The data were divided into trial and validation samples. Models were trained for each region. As a result of comparing the predictions and correct labels of the validation set, as well as comparing the rmse metrics, it can be seen that the best model turned out for region number 1. The RMSE of the volume of oil reserves in the well for region number 1 showed 0.9 thousand barrels with an average value of 68.2. For the other two regions, the average stock was over 90 thousand barrels, and the RMSE was about 40 thousand barrels, which is almost half the average.

## Preparation for profit calculation

In [20]:
BAR_1 = 450000
BUDGET = 10**10
SQUAZH = 200
N_SQ = 500
BIL = 10**9

In [21]:
POROG = BUDGET / (SQUAZH * BAR_1)

In [22]:
POROG

111.11111111111111

In [23]:
state = np.random.RandomState(12345)
def pryb(target):
    target_subsample = target.sample(N_SQ, replace=True, random_state=state)
    target_pred = target_subsample.sort_values(by = 'predict', ascending=False).head(SQUAZH)
    summa = target_pred['product'].sum()
    profit = summa * BAR_1 / BIL - BUDGET / BIL
    return round(profit,4)

### Comments
Since the budget for the development of wells in the region is 10 billion rubles, this means that in order to make a profit, the volume of oil in the well must be more than 111 thousand barrels.
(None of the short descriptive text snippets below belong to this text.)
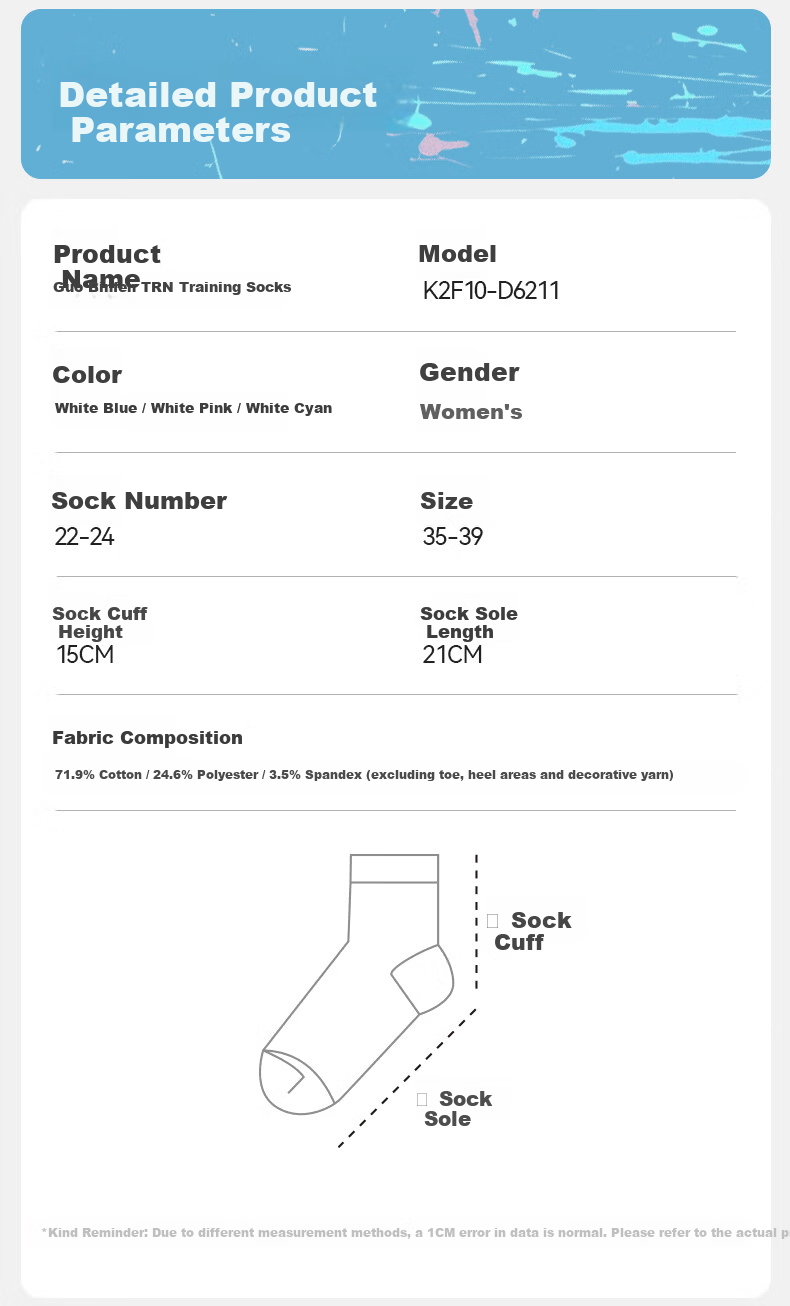 KAWASAKI Badminton Socks Striped Fruit Pie TRN Training Mid-Calf Sports Socks D6211 Blue/Pink/Green (3 Pairs) 10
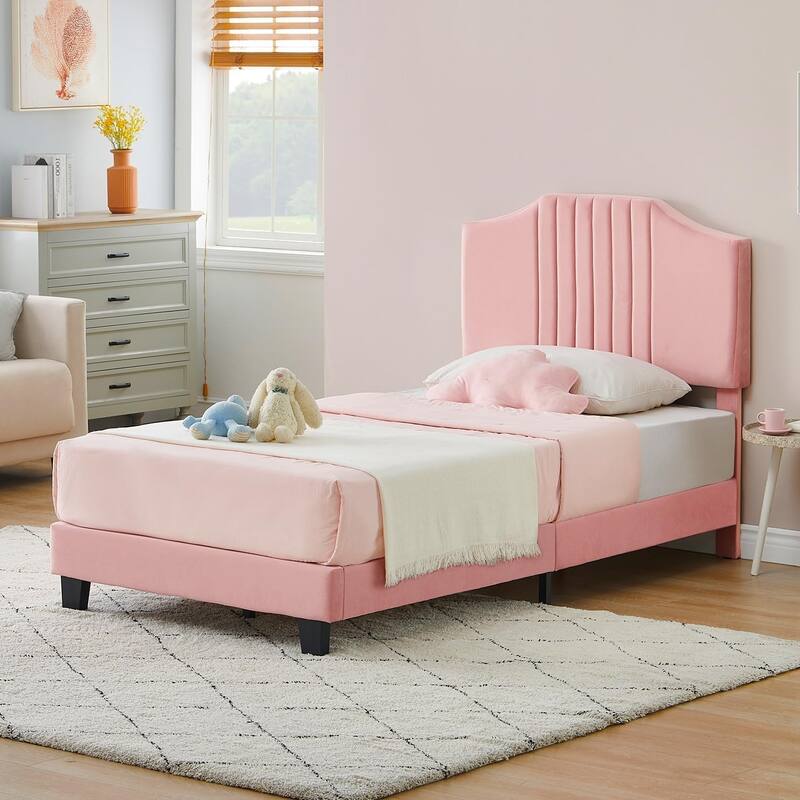 Twin Bed Frame for Kids, Upholstered Platform Bed Frame with Headboard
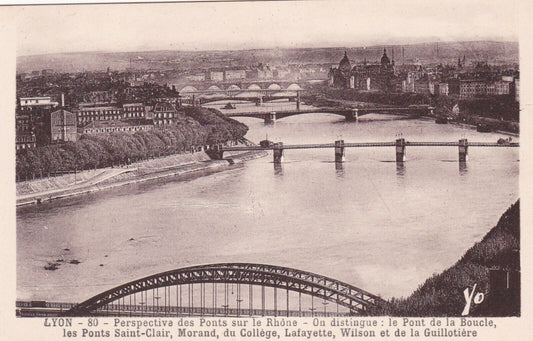 CARTE POSTALE ANCIENNE CPA LYON PERSPECTIVE DES PONTS SUR LE RHONE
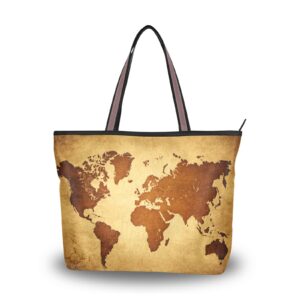 tote bag retro paper world map print, large capacity zipper women grocery bags purse for daily life 2 sizes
The calculation of the average value for the validation sample showed that in all regions this value is below the threshold for making a profit.


## Calculation of profit and risks

In [24]:
profit_0 = pryb(pred_0)
profit_1 = pryb(pred_1)
profit_2 = pryb(pred_2)

In [25]:
res_all = np.array([['profit_0', profit_0],['profit_1', profit_1],['profit_2', profit_2]])
result_all = pd.DataFrame(res_all,columns = ['squazhina','profit'])

In [26]:
result_all

Unnamed: 0,squazhina,profit
0,profit_0,0.6055
1,profit_1,0.3343
2,profit_2,0.6262


In [27]:
state = np.random.RandomState(12345)
def dover(data):    
    values = []
    
    for i in range(1000):
        values.append(pryb(data))
          
    values = pd.Series(values)

    lower = values.quantile(0.025)
    upper = values.quantile(0.975)

    mean_v = values.mean()
    print('Средняя прибыль, млрд', round(mean_v,2))
    print()
    print('Доверительный интервал, млрд:', round(lower,2), '< X <',round(upper,2))
    return (values < 0).mean()

In [28]:
pryb_0 = dover(pred_0)

Средняя прибыль, млрд 0.4

Доверительный интервал, млрд: -0.11 < X < 0.91


In [29]:
pryb_1 = dover(pred_1)

Средняя прибыль, млрд 0.46

Доверительный интервал, млрд: 0.08 < X < 0.86


In [30]:
pryb_2 = dover(pred_2)

Средняя прибыль, млрд 0.39

Доверительный интервал, млрд: -0.11 < X < 0.93


In [31]:
pryb_2*100

6.5

In [32]:
pryb_1*100

0.7000000000000001

In [33]:
pryb_0*100

6.9

## Conclusions
According to the calculations, region № 1 is best suited for well development. This choice is based on the following results of the research: although the average profits in the three regions relative to the best wells are quite close, the probability of loss risks is less than 1% in region No. 1, and in regions No. 0 and 2 - more than 6%.